"I'm always looking for the most scenic and safest routes possible," Russell said.
Russell had a biking partner recently when he joined Fiorentini on a morning ride down Main Street to City Hall. Russell said the mayor encourages residents to ride their bikes.
"The goal is to make Haverhill more bicycle friendly, more comfortable and safer," said Russell, who doesn't just advocate bicycle safety, but instead lives it.
"I won't let anyone ride along with me unless they are wearing a helmet," he said.
Pillsbury said he travels the bike lanes on Water Street when riding his bicycle to and from his job at City Hall. He said replicating these lanes on other streets will take research and planning.
"As we do repaving of roads, we want to try to incorporate bike striping in the line-striping work and when we have the opportunity to connect them up, we try to do that as well," Pillsbury said. "We will look at the list of streets that will be paved this summer, but it doesn't make sense to put a bike lane on every street. A lot of streets don't have adequate width, especially where you have vehicles parked. Water Street was perfect as there is no parking.

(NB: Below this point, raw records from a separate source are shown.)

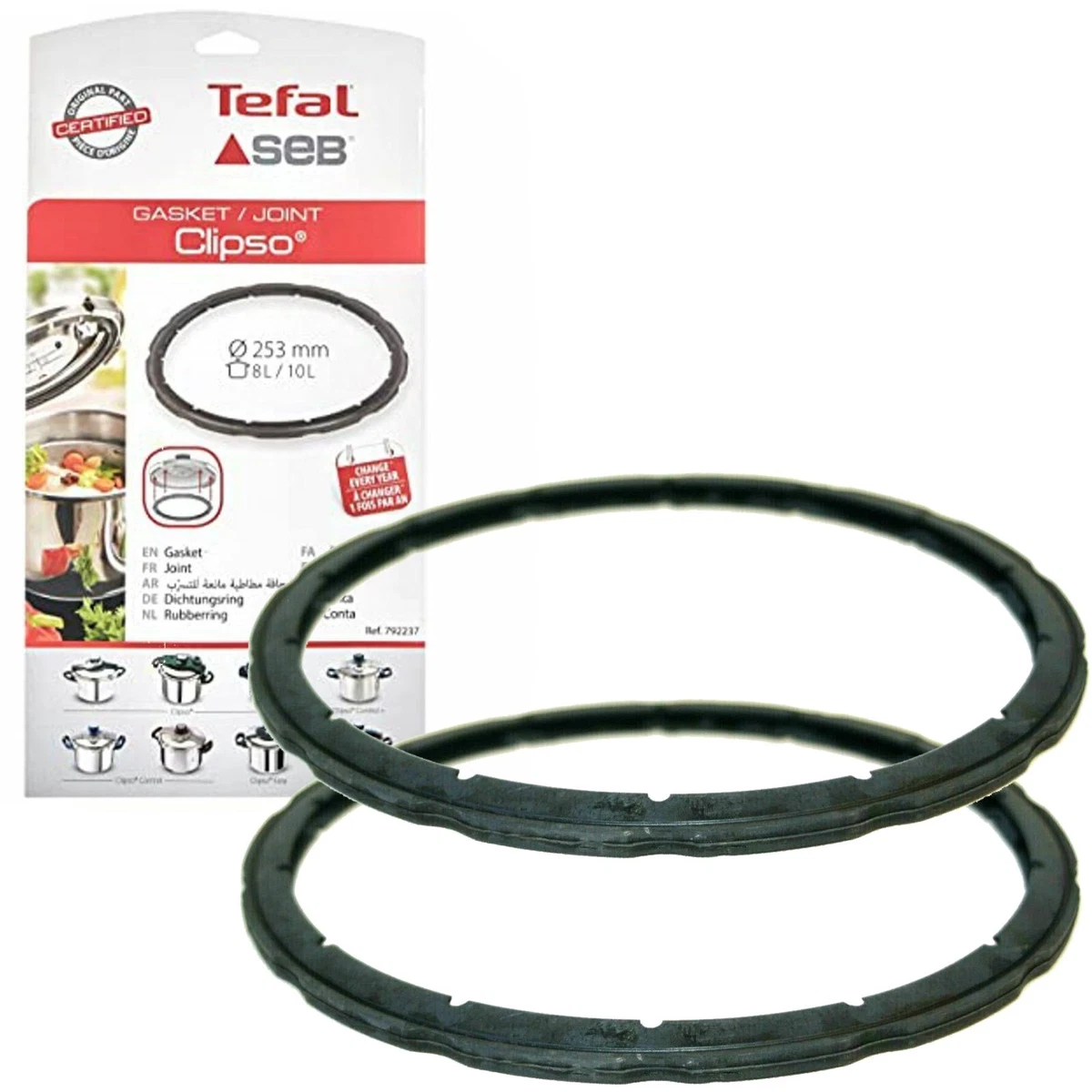 Tefal 8L 10L Clipso Pressure Cooker 253mm Rubber Gasket Seal Ring Genuine x  2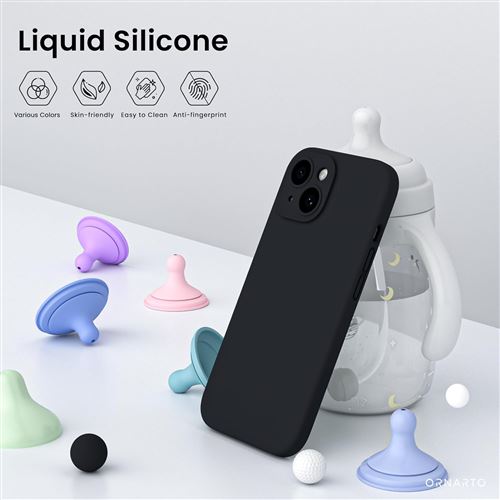 Coque Silicone Pour IPhone 15 - Noir - Marque Little Boutik - Neuf Emballé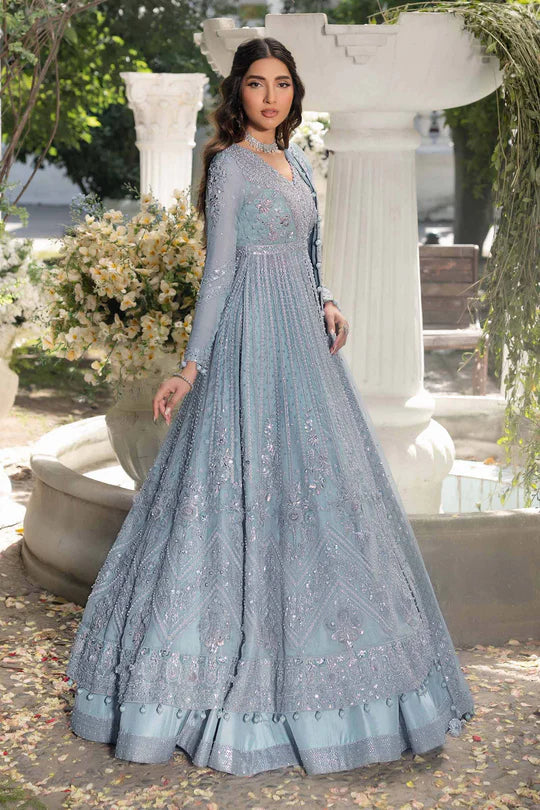 Amrin Maria B Royal-Rawa Ice Blue Bridal Pishwas with dabka, naqshi & crystal embellishment stitched luxury outfit – Pakistanimoda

Most roads in Haverhill are not that wide."
Where bike lanes may not be feasible, more signage might be an option.
"We'd like to expand our 'Share the Road' signage program and maybe look for a state grant or Chapter 90 money for that as there is a lot of movement towards bike friendly communities," Pillsbury said. "Like Boston, we're trying to get drivers to understand that bikes are out there and they have rights. It's a matter of safety on both sides."
Hoping to contribute to a safer environment for cyclists, Russell recently came up with a list of storm grates that are oriented in way he says pose a danger to bicyclists. He said the 40 or so grates on his list are a fraction of the hundreds of grates that exist throughout the city and that he plans to give his list to Public Works Director Mike Stankovich.